What has winning the Ignite Clean Energy business competition meant?

This award allowed us to take cutting-edge research from the laboratory into the commercial marketplace. I have also been able to realize a dream—blending academics and business in such a way that will ultimately add value to society.

What problem will your new company tackle?

The company will address a $3 billion problem. We use microorganisms to overcome the critical energy problem of mineral scale formation in water pipes. Put simply, mineral plaques build up in pipes that, for example, drive hot water into your radiator, and make the transfer of heat far less efficient. Imagine how that would affect a large office building’s heating system.

What were the first steps in establishing the company?

Since the first-place win in April and after a name change, from Microbial Scale Solutions to the more compelling Acillix Incorporated, I think we’ve made significant progress.

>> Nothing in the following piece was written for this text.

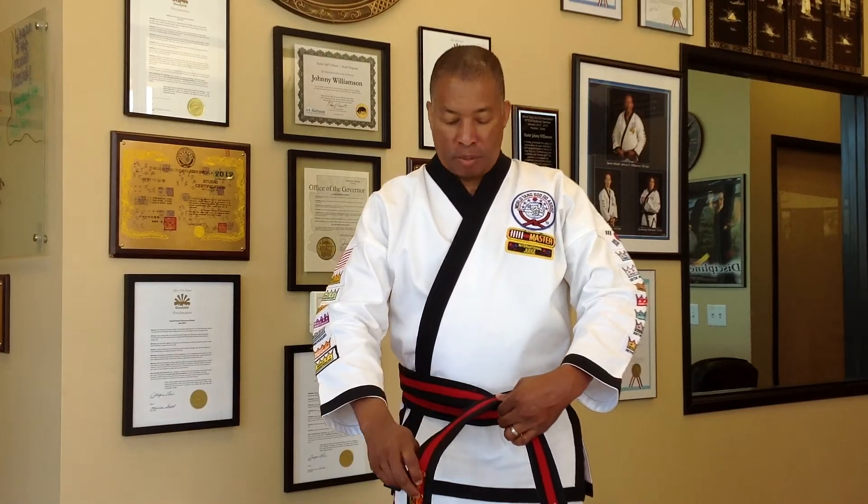The one that's on top you'll take and bring it back up, making sure that it's behind the belt that is already on the hip or the lower stomach area, bringing it up as so.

I’ve been working hard to get the company up and running by performing proof-of-concept tests, building first prototypes, developing initial sales, establishing markets, pursuing long-term funding opportunities, and broadening the company network of business, scientific, and academic advisors and partners.

What are some of the differences between being a graduate student and being an entrepreneur?

The most challenging part of going from graduate school into starting a business is making decisions in the face of risk, and managing that risk. When you’re in school you plug through problems and usually there’s a beginning, a middle, and an end to each. You make decisions based on the success of experiments and iterate. Starting Acillix is a dynamic process where I make decisions that may affect the long-term success and viability of the entire company. I don’t know what the outcome will be, but I have to chart the best path I can.

What is a typical day like?

Each day is a completely different set of jobs—performing experiments, refining the business plan, charting a company strategy. I try to meet with everyone I possibly can to see what their insights are. One thing’s for sure: It’s the most challenging and rewarding thing I’ve ever done.